### Exercise data
-------------------------
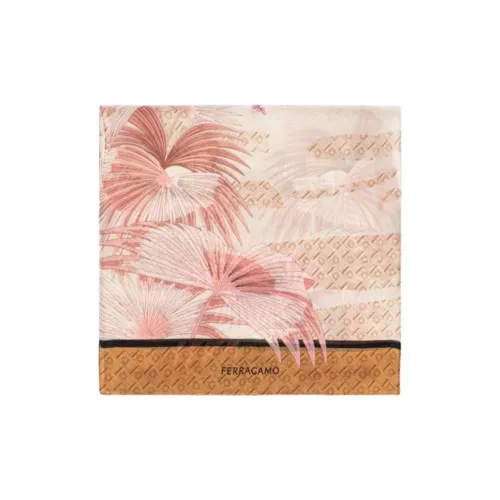 FERRAGAMO Шелк Палантины Женские Розовый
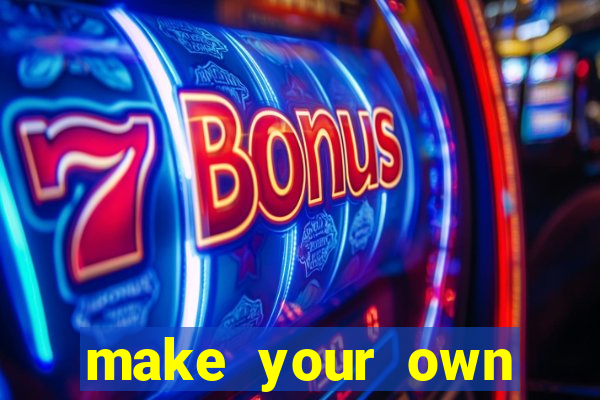 make your own bingo app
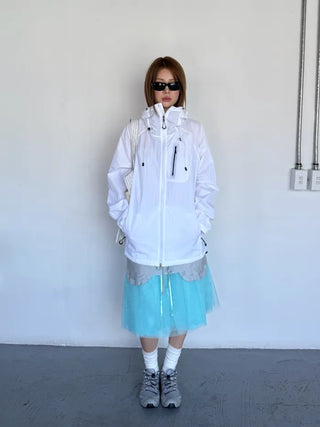[3 colors] Candy Shami Midi Skirt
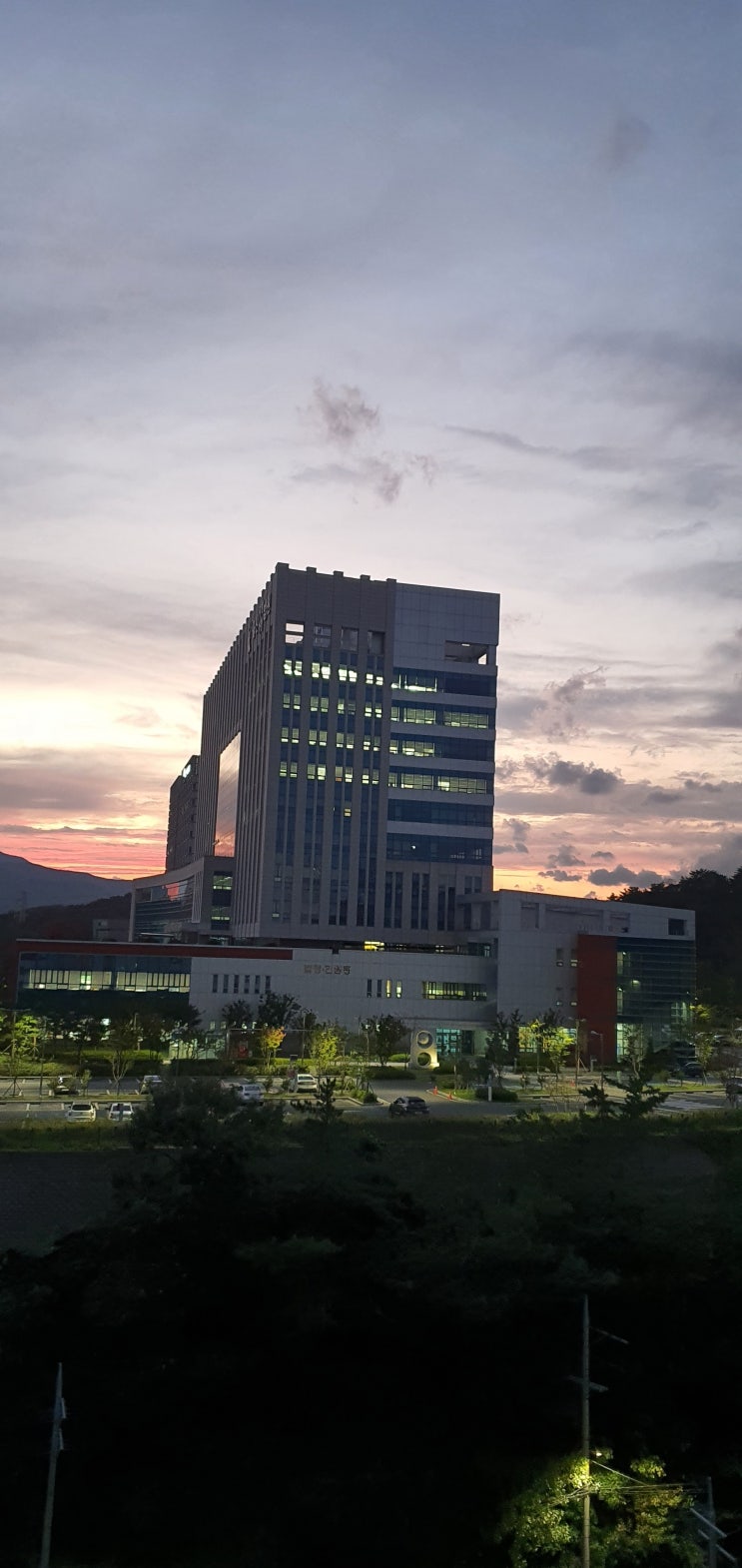  울산 법원의 노을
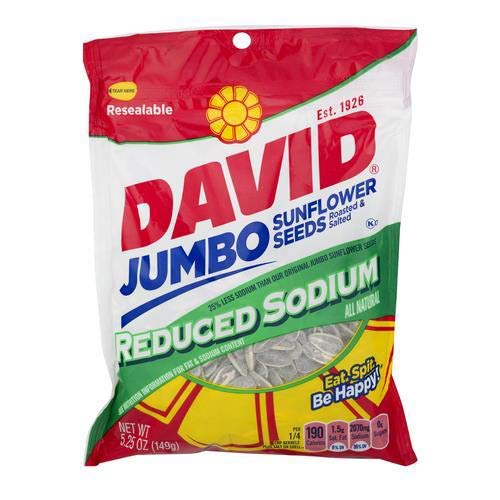 DAVID SUNFLWR SEED JUMBO (PACK OF 6)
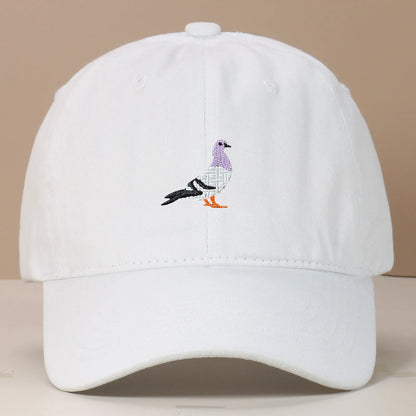 All-Season Pigeon Embroidered Baseball Cap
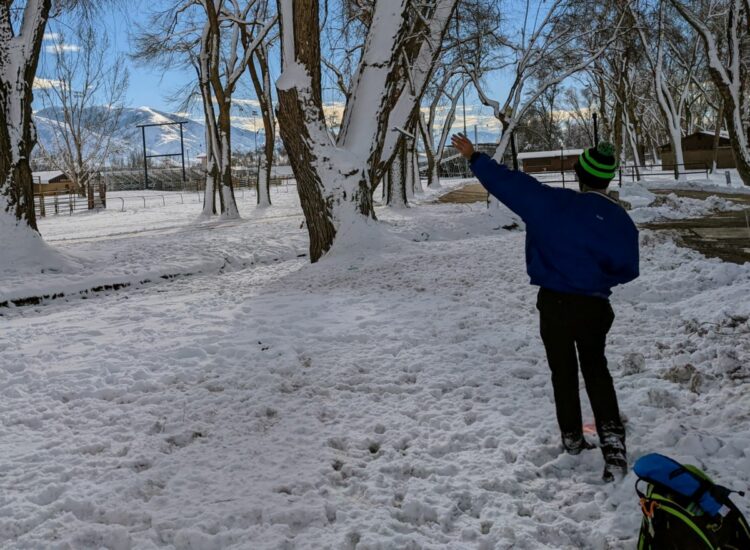 DG Approach shot in the snow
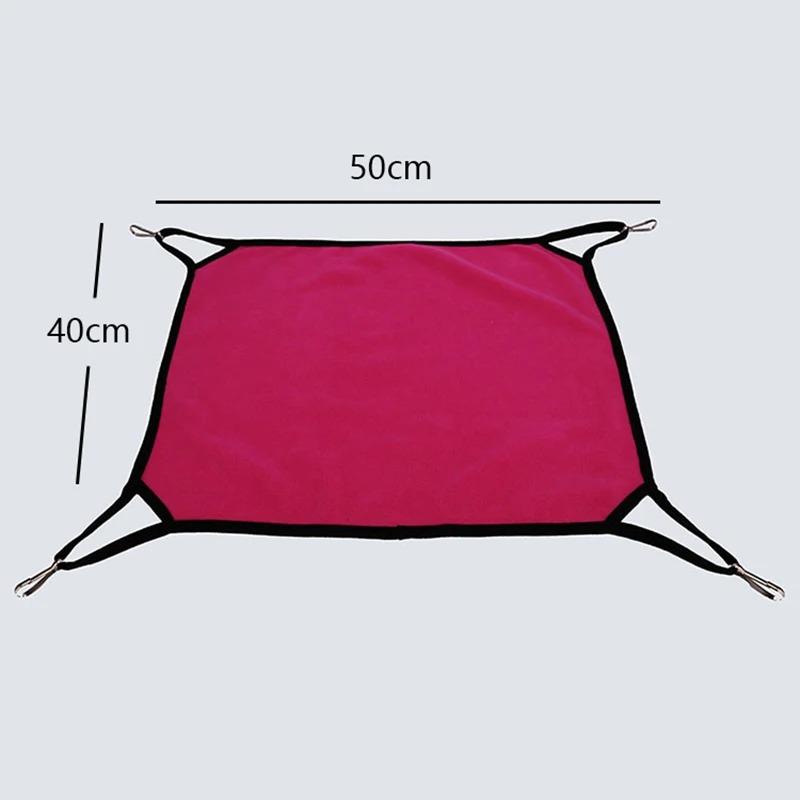 Cat Hammock Bed Hanging Pet Cage Hammock Soft Cat House Cushion Mat Summer Cooling Pet Basket Tapestry Pet  Dog Bed 3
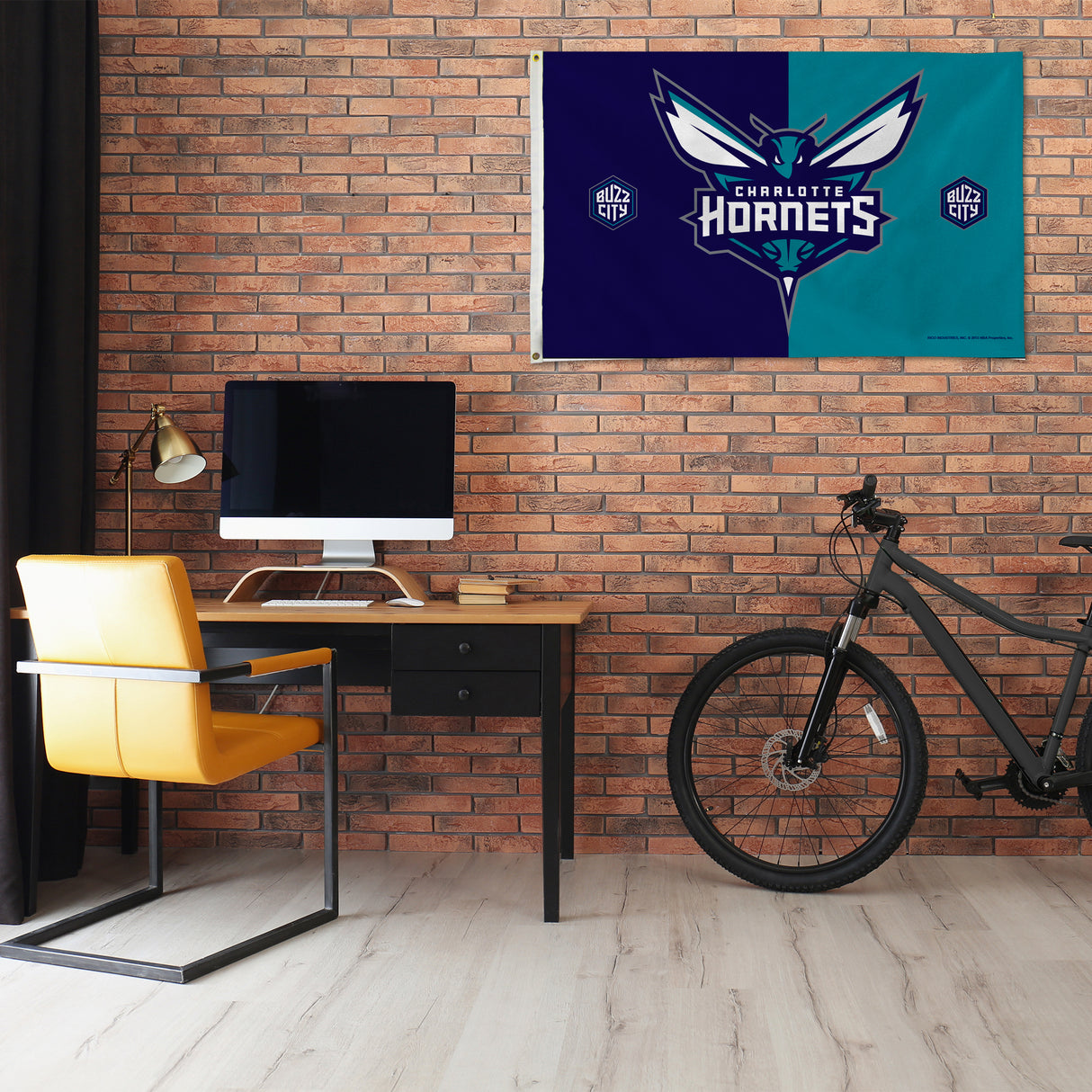NBA Charlotte Hornets 3x5 Banner Flag Fan Gear NBA Charlotte Hornets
-------------------------
### Exercise requirements
Only the lines from the one that contains "[3 colors] Candy Shami Midi Skirt" to the end of the records, inclusive, are to be quoted exactly, with pictures excluded.

### Result for this task
[3 colors] Candy Shami Midi Skirt
  울산 법원의 노을
 DAVID SUNFLWR SEED JUMBO (PACK OF 6)
 All-Season Pigeon Embroidered Baseball Cap
 DG Approach shot in the snow
 Cat Hammock Bed Hanging Pet Cage Hammock Soft Cat House Cushion Mat Summer Cooling Pet Basket Tapestry Pet  Dog Bed 3
NBA Charlotte Hornets 3x5 Banner Flag Fan Gear NBA Charlotte Hornets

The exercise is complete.